Task brief ▸
Restate each line of the listing exactly, without carrying over any pictures.

Records ▸
----------
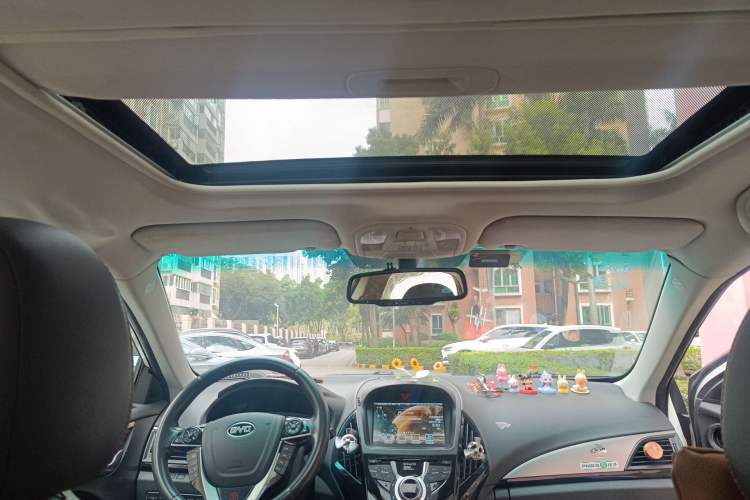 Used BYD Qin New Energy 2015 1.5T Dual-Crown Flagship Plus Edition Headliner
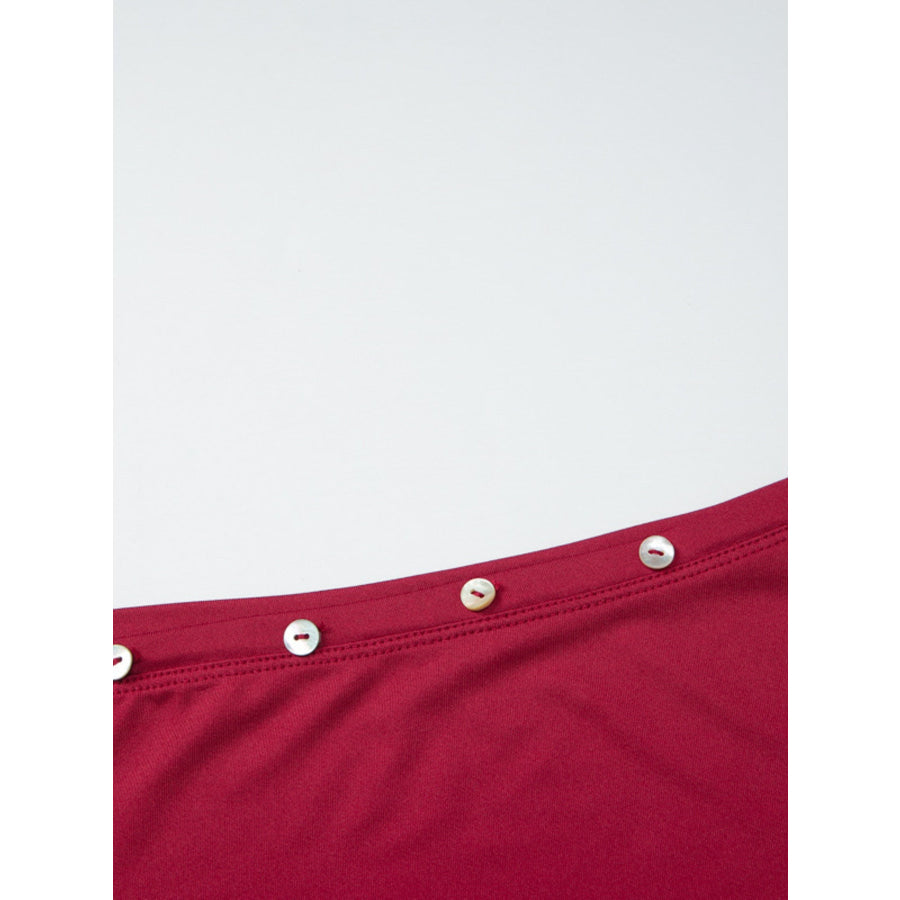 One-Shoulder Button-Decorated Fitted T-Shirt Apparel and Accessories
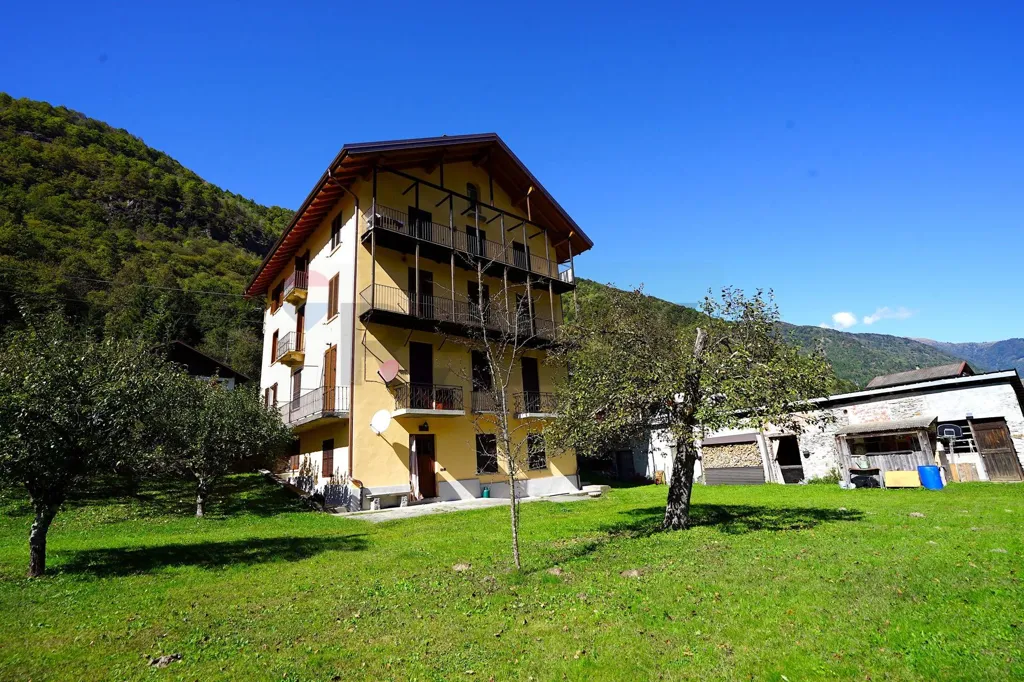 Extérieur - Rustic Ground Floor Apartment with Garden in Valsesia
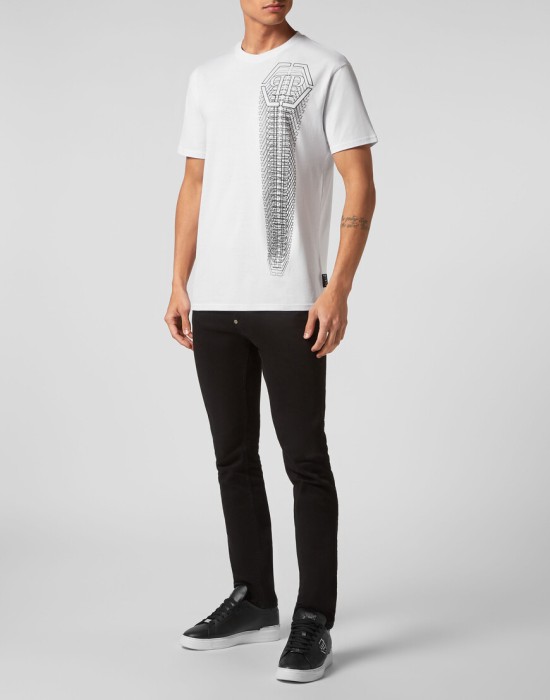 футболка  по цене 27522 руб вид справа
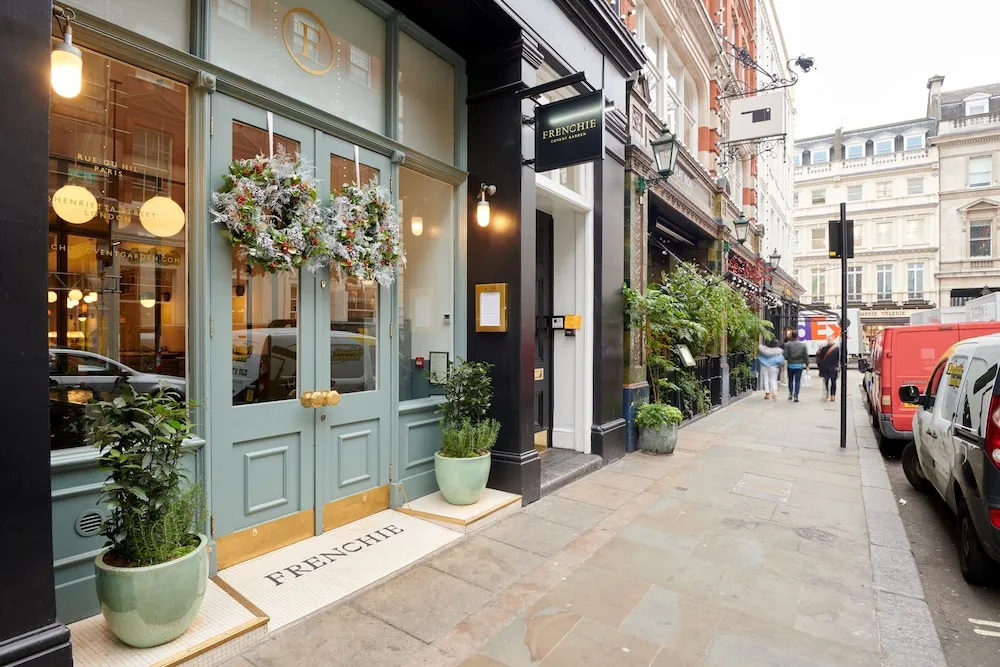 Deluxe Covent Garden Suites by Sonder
----------
Solution to this exercise ▸
 Used BYD Qin New Energy 2015 1.5T Dual-Crown Flagship Plus Edition Headliner
 One-Shoulder Button-Decorated Fitted T-Shirt Apparel and Accessories
 Extérieur - Rustic Ground Floor Apartment with Garden in Valsesia
 футболка  по цене 27522 руб вид справа
 Deluxe Covent Garden Suites by Sonder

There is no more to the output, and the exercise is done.